In models with a generator and discriminator, like GANs, the main goal is to make the generator create data that looks real, and the discriminator to tell real from fake. The key metric is loss for both parts. The generator's loss shows how well it fools the discriminator. The discriminator's loss shows how well it spots fakes. We also look at Inception Score or FID to measure how real the generated data looks overall.

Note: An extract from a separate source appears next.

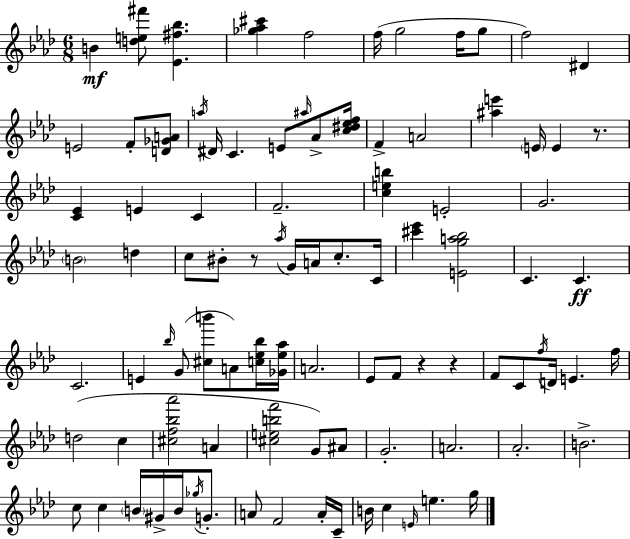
B4/q [D5,E5,F#6]/e [Eb4,F#5,Bb5]/q. [Gb5,Ab5,C#6]/q F5/h F5/s G5/h F5/s G5/e F5/h D#4/q E4/h F4/e [D4,Gb4,A4]/e A5/s D#4/s C4/q. E4/e A#5/s Ab4/e [C5,D#5,Eb5,F5]/s F4/q A4/h [A#5,E6]/q E4/s E4/q R/e. [C4,Eb4]/q E4/q C4/q F4/h. [C5,E5,B5]/q E4/h G4/h. B4/h D5/q C5/e BIS4/e R/e Ab5/s G4/s A4/s C5/e. C4/s [C#6,Eb6]/q [E4,G5,A5,Bb5]/h C4/q. C4/q. C4/h. E4/q Bb5/s G4/e [C#5,B6]/e A4/e [C5,Eb5,Bb5]/s [Gb4,Eb5,Ab5]/s A4/h. Eb4/e F4/e R/q R/q F4/e C4/e F5/s D4/s E4/q. F5/s D5/h C5/q [C#5,F5,Bb5,Ab6]/h A4/q [C#5,E5,B5,F6]/h G4/e A#4/e G4/h. A4/h. Ab4/h. B4/h. C5/e C5/q B4/s G#4/s B4/s Gb5/s G4/e. A4/e F4/h A4/s C4/s B4/s C5/q E4/s E5/q. G5/s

Generator and discriminator in PyTorch - Model Metrics & Evaluation
| Predicted Real | Predicted Fake |
---------------------------------------
Real Data | TP | FN |
Fake Data | FP | TN |
TP = Discriminator correctly says real data is real
TN = Discriminator correctly says fake data is fake
FP = Discriminator wrongly says fake data is real
FN = Discriminator wrongly says real data is fake
Precision = TP / (TP + FP) measures how many predicted real are truly real.
Recall = TP / (TP + FN) measures how many real data are correctly found.
These help understand discriminator quality.
For the discriminator, high precision means it rarely mistakes fake data as real. High recall means it finds most real data correctly. If precision is too high but recall low, it may miss some real data. If recall is high but precision low, it may accept many fakes as real.
For the generator, the goal is to reduce discriminator's ability to tell fake from real, so its loss improves when discriminator's precision and recall drop.
Example: In art generation, a generator with low recall on real art means it misses many styles. A discriminator with low precision may accept poor fakes as real.
- Good Discriminator: Balanced precision and recall around 0.8-0.9, showing it can spot fakes and recognize real data well.
- Bad Discriminator: Precision or recall below 0.5 means it guesses poorly, hurting training.
- Good Generator: Generator loss decreases steadily, and FID score lowers (closer to 0), meaning generated data looks more real.
- Bad Generator: Generator loss stays high or oscillates, FID score high, meaning poor quality fake data.
- Mode Collapse: Generator produces limited variety, fooling discriminator but failing diversity. Metrics may look good but output is poor.
- Overfitting Discriminator: Discriminator becomes too strong, generator can't learn. Losses become unstable.
- Ignoring Diversity Metrics: Only tracking loss misses if generator creates varied outputs.
- Data Leakage: Using test data in training can inflate metrics falsely.
Your GAN model has a discriminator accuracy of 98% but the generator's FID score is very high, and generated images look very similar. Is this good?
Answer: No. The discriminator is too strong and the generator is not learning well. The high discriminator accuracy means it easily spots fakes. The high FID and similar images show mode collapse. You need to balance training and monitor diversity.